TASK INSTRUCTIONS:
Among the entries below, extract exactly the lines that run from the one with "Cover: Geospatial Visualisation - Springer" through the one with "BUKA Apart-Hotel&SPA Bukoveľ", both ends included.

ENTRIES PROVIDED:

╭──

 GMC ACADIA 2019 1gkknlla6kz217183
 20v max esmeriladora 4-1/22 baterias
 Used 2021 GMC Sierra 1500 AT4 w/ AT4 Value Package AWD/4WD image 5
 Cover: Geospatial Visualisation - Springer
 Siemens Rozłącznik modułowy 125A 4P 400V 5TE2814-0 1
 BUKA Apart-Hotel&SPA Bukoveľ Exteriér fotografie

╰──
╭──

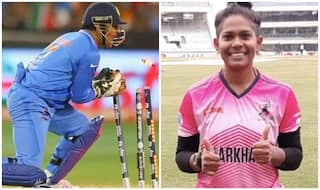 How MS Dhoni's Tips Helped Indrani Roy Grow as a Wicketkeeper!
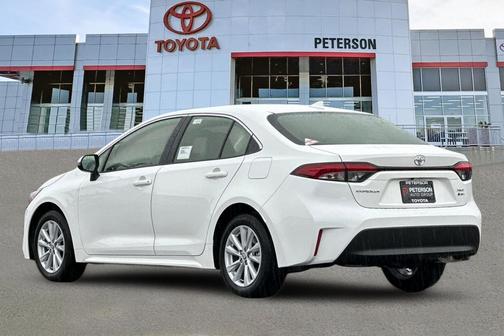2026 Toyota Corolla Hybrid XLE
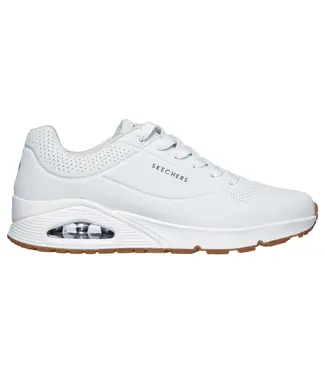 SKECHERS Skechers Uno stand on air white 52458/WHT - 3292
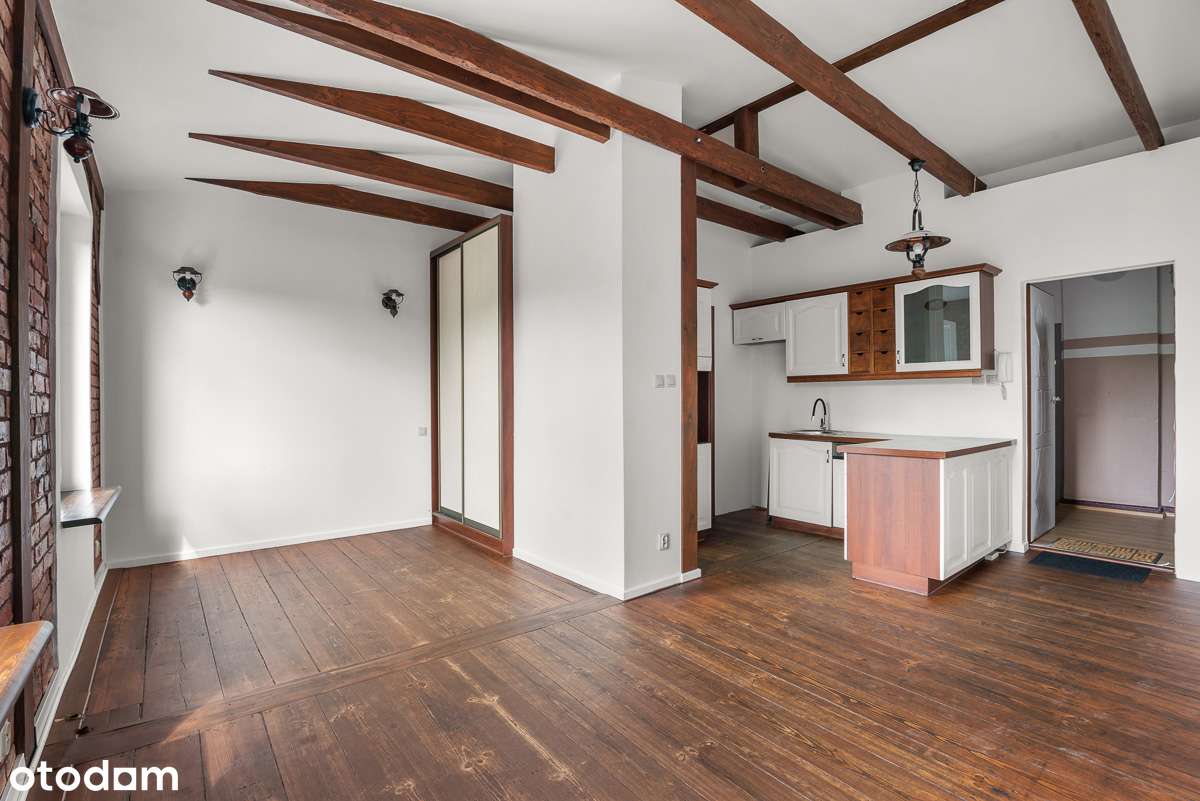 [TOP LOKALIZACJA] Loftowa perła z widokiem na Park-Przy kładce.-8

╰──

TASK OUTPUT:
 Cover: Geospatial Visualisation - Springer
 Siemens Rozłącznik modułowy 125A 4P 400V 5TE2814-0 1
 BUKA Apart-Hotel&SPA Bukoveľ Exteriér fotografie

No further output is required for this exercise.